Speaking of flavors, there are many mentions of food in The Miracle of St. Lazarus, like an authentic recipe for picadillo (ground beef, Cuban-style) and arroz con pollo, rice with chicken. Though she wouldn’t call it a “culinary mystery,” the references pepper the novel like a good seasoning that doesn’t become overpowering.
“I noticed that food references are included in most current detective novels by Spanish, Italian and Chilean authors, including Leonardo Padura in Havana, where food is not too abundant or sophisticated,” she said.
De Aragón is currently working on a second mystery, The Murder at Biltmore Way, also staring Maria Duquesne, and has occasionally gone back to The Miracle of St. Lazarus.

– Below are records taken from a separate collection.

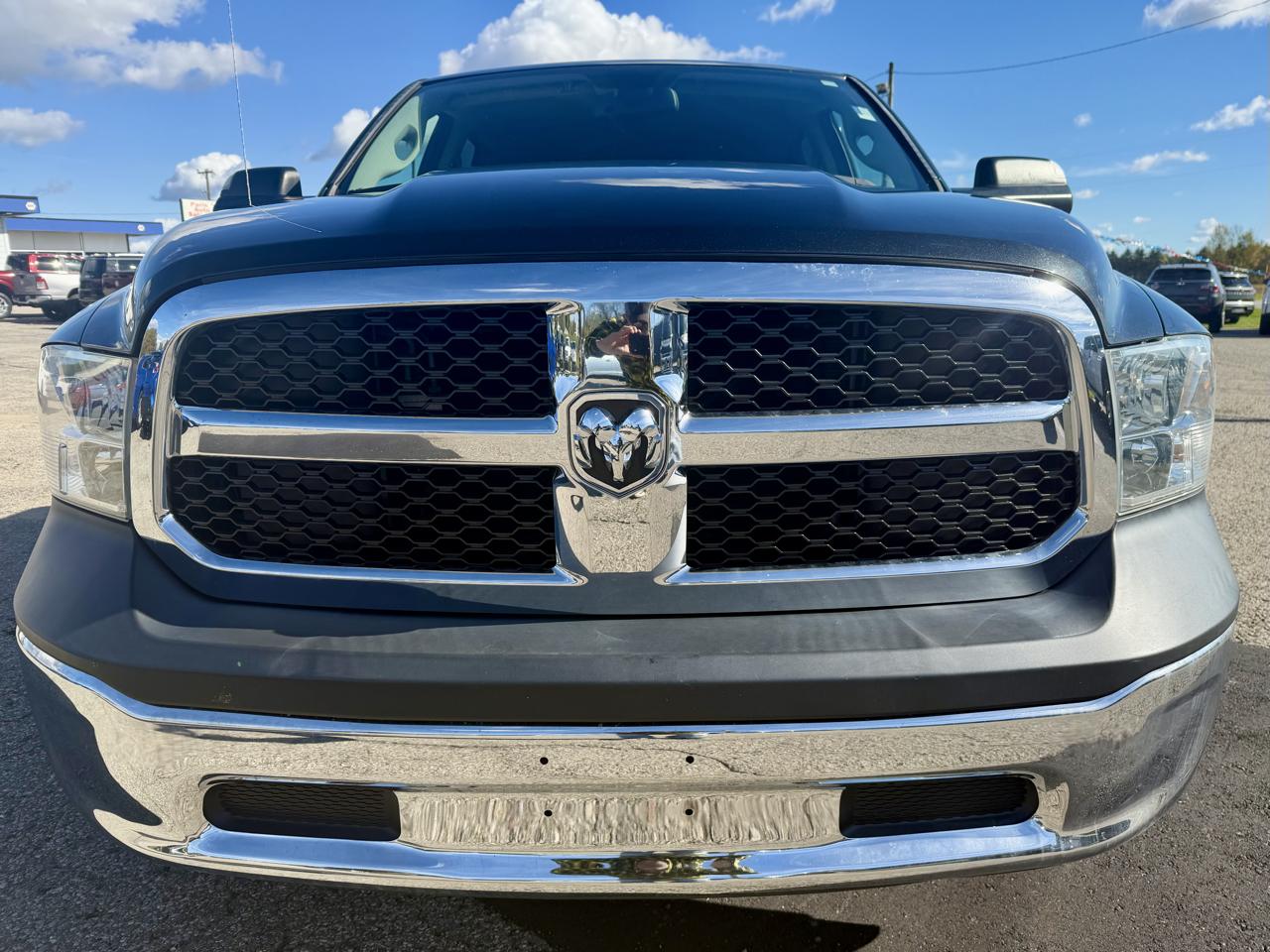 RAM 1500 4WD Quad Cab 140.5" Express *Ltd Avail* 2017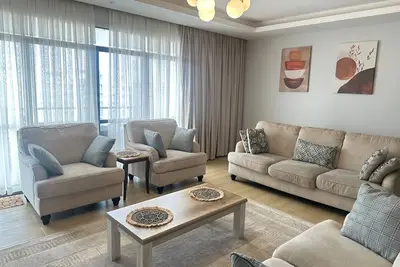 Image de Spacious 5-bedroom apartment in terrific Nairobi -White Oak Residency with Ac,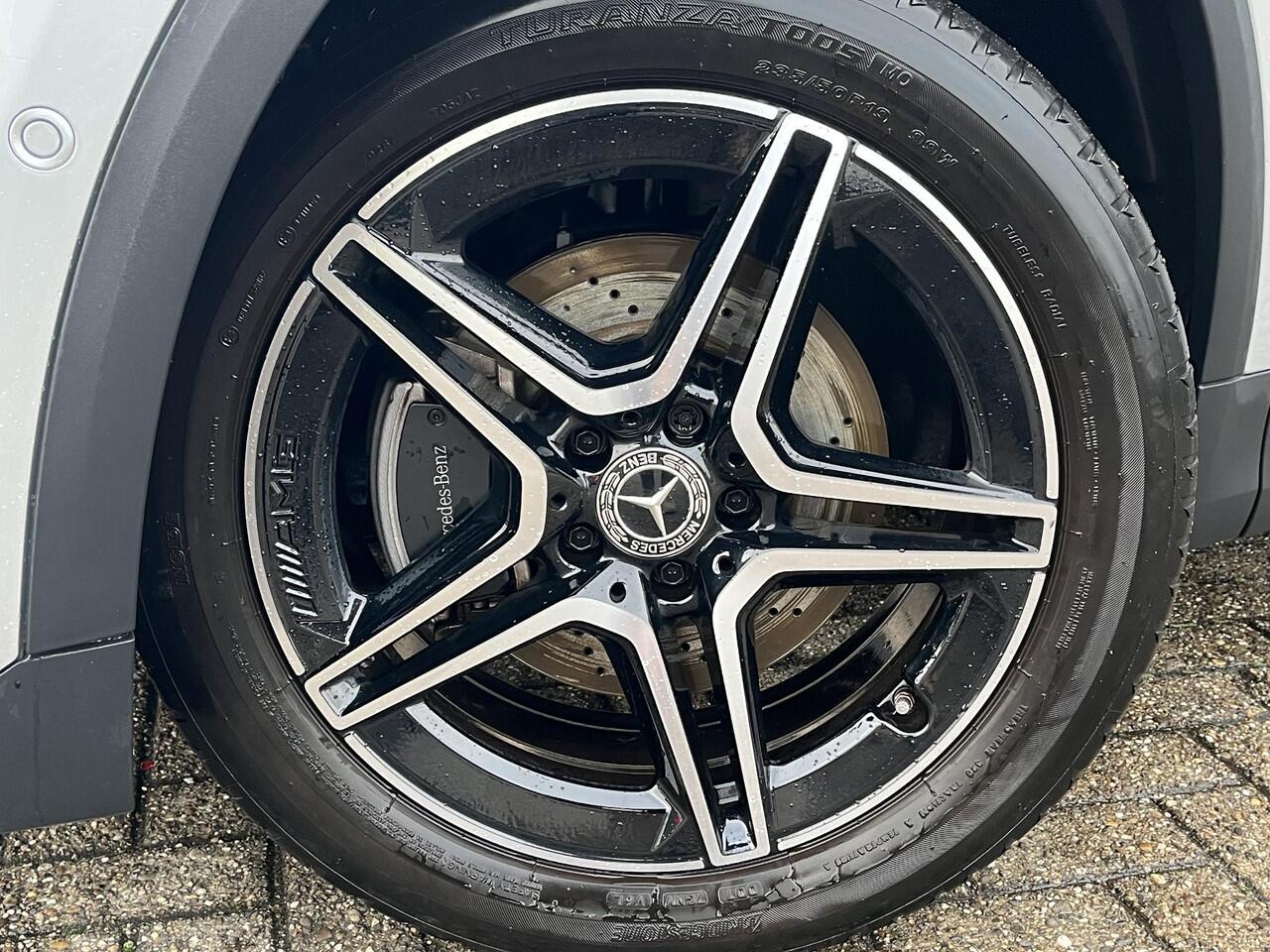 Mercedes-Benz GLA-KLASSE 250 e AMG Line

“Then I saw a lot of things in the novel I was not conscious were there, such as how almost all the characters are people displaced from other countries,” she said. “I also think I use more humor than in my previous work. I guess I am loosening up with age!”
Of rules and quirks
I was recently in Bouchercon, a big mystery writers conference. One of my favorite panels was “I Won’t Write That,” about what not to write about—the unspoken rules one is supposed to follow in crime fiction. (Hint: never kill the cat!) The panelists mentioned several “rules,” then proceeded to explain how and why they had broken them. De Aragón says that the only rule she follows is that fiction has to be “plausible, possible, credible.”
“Of course, that is not the case with science fiction, which is a genre that has never interested me,” she said. “Sometimes when something is surprising in life, people say it seems like a novel, but it should be the other way around. A novel should be like life.”
Like most writers, De Aragón has a few quirks. I asked her to share one.
“When I am writing a novel, I don’t like to read other novels,” she said. “Actually, I don’t even like to go out a lot. A novel is a closed world. And if you want to trap the reader inside it, you have to live with your characters in the world that you are crafting. That’s where creativity blossoms.”